If you padded out the account id with leading 0s you could do something like this (pseudo code here as well)
ctx.PartionKey > "TextCache_0000000001"
&& ctx.PartitionKey < "TextCache_0000000002"
&& ctx.RowKey > "123465798"
Something else to bear in mind is that queries to Azure Tables return their results in PartitionKey then RowKey order. So in your case messages without a ParentMessageId will be returned before messages with a ParentMessageId. If you're never going to query this table by ParentMessageId I'd move this to a property.
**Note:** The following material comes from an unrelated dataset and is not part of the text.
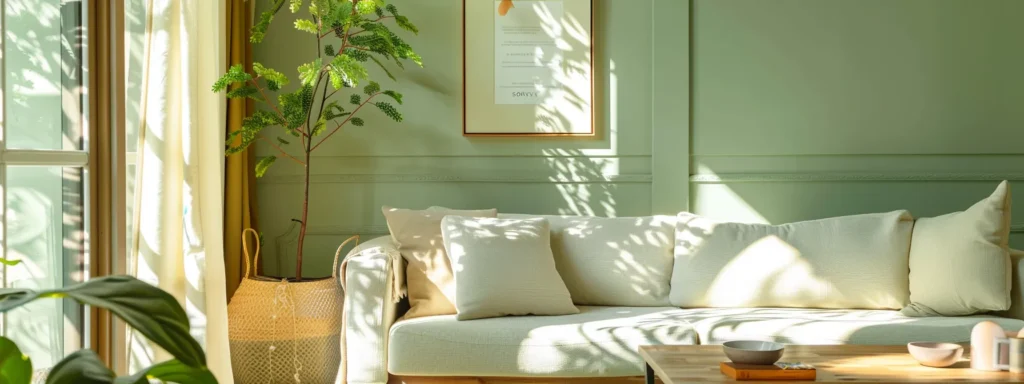 a sunny living room adorned with freshly painted walls using vibrant eco-friendly paints, showcasing a harmonious blend of green decor and natural lighting in raleigh, nc.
If TextCache_ is just a string constant, it's not adding anything by being included in the PartitionKey unless this will actually mean something to your code when it's returned.
While you're second query will run, I don't think it will produce what you're after. If you want the first ten rows in DateOfMessage order, then it won't work (see my point above about sort orders). If you ran this query as it is and account 1 had 11 messages it will return only the first 10 messages related to account 1 regardless if whether account 2 had an earlier message.
While trying to minimise the number of transactions you use is good practice, don't be too concerned about it. The cost of running your worker/web roles will dwarf your transaction costs. 1,000,000 transactions will cost you $1 which is less than the cost of running one small instance for 9 hours.